** Opening Source material block **

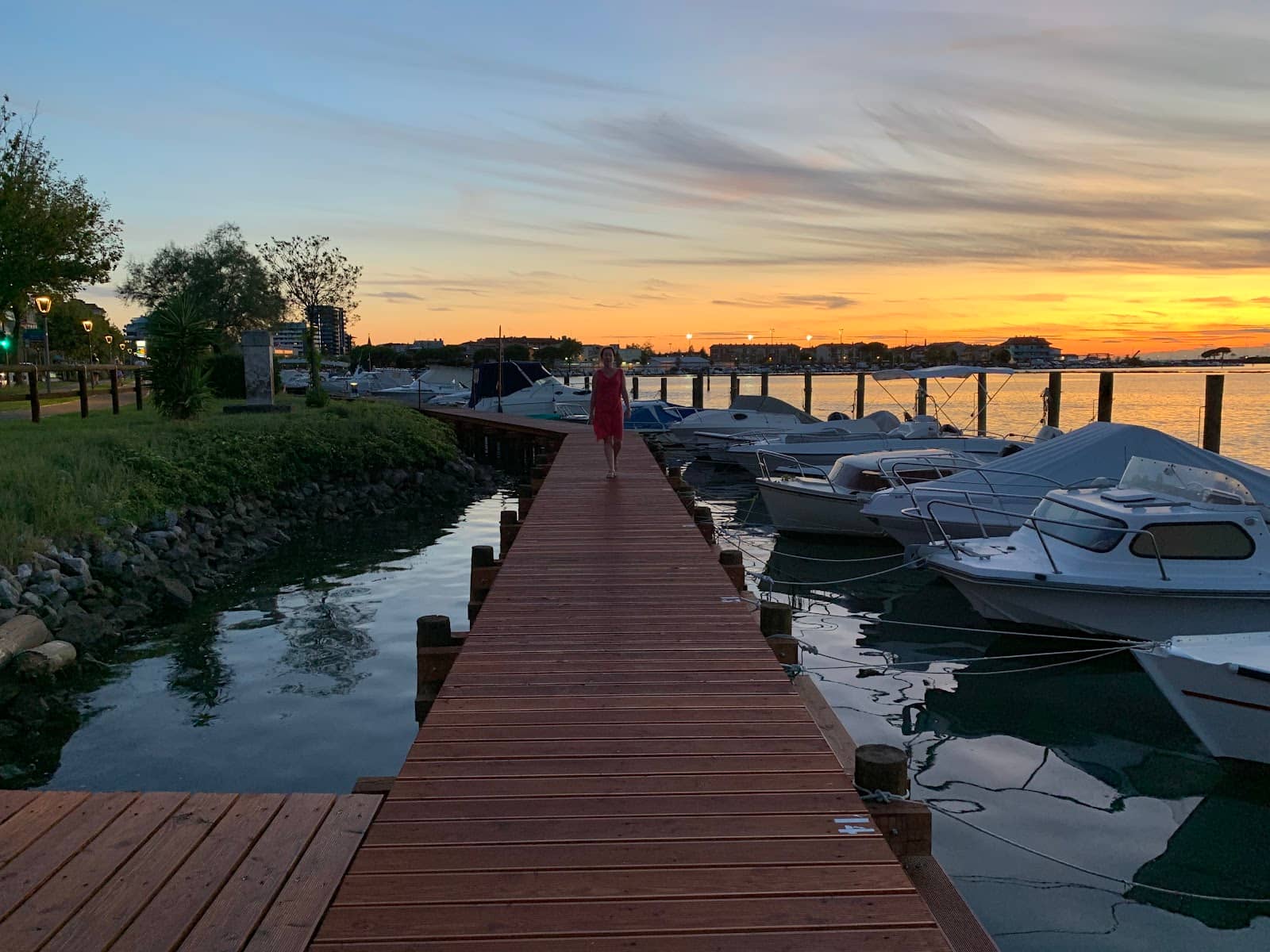 Lagoon Seafood Experience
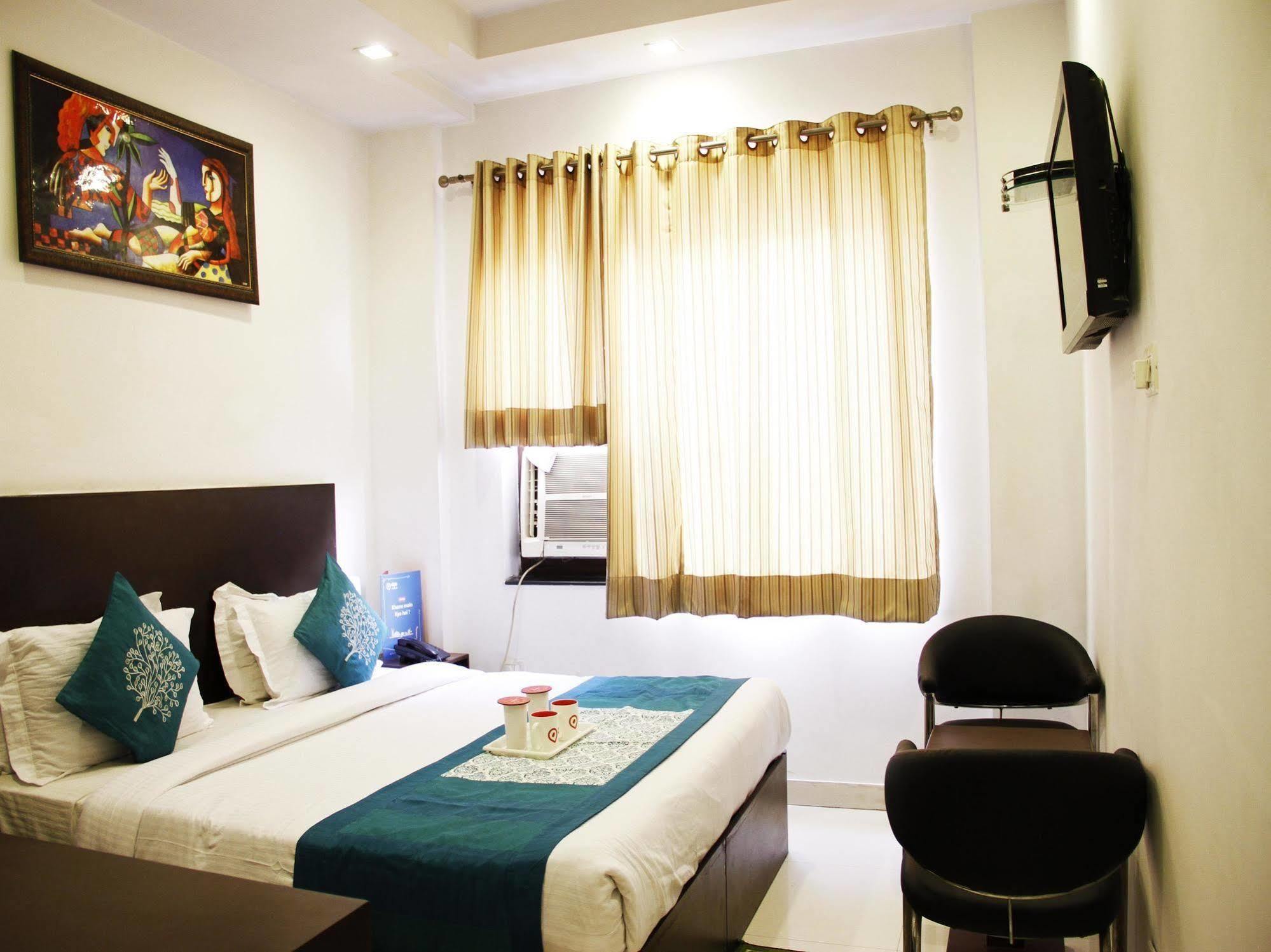 Hotel Siam International Delhi  Exterior photo
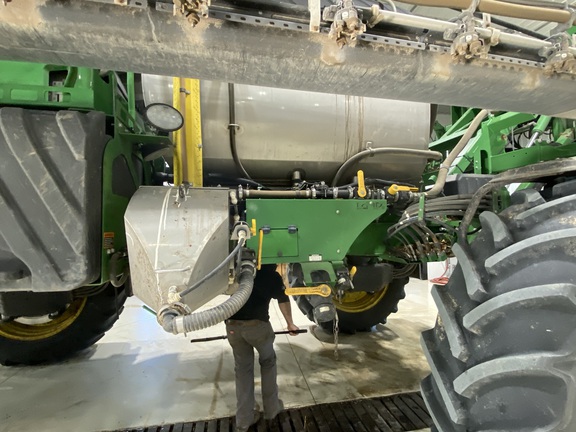 2018 John Deere R4045 - Photo15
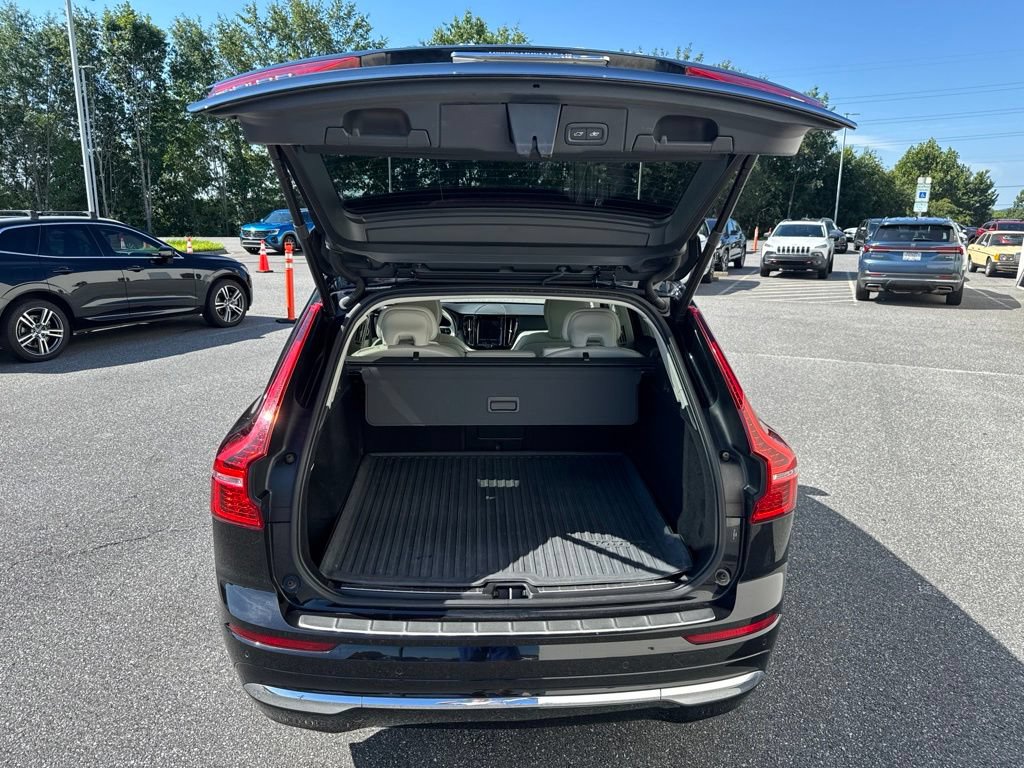 Used 2023 Volvo XC60 B5 Plus w/ Protection Package Premier FWD image 10
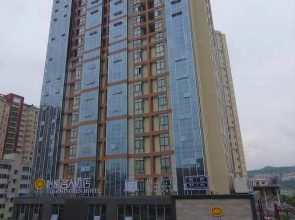 Yijia Mingren Hotel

** Closing Source material block **

*What you should do*.
A word-for-word copy of all the data, without pictures, is the expected output.

*Written solution*.
 Lagoon Seafood Experience
 Hotel Siam International Delhi  Exterior photo
 2018 John Deere R4045 - Photo15
 Used 2023 Volvo XC60 B5 Plus w/ Protection Package Premier FWD image 10
 Yijia Mingren Hotel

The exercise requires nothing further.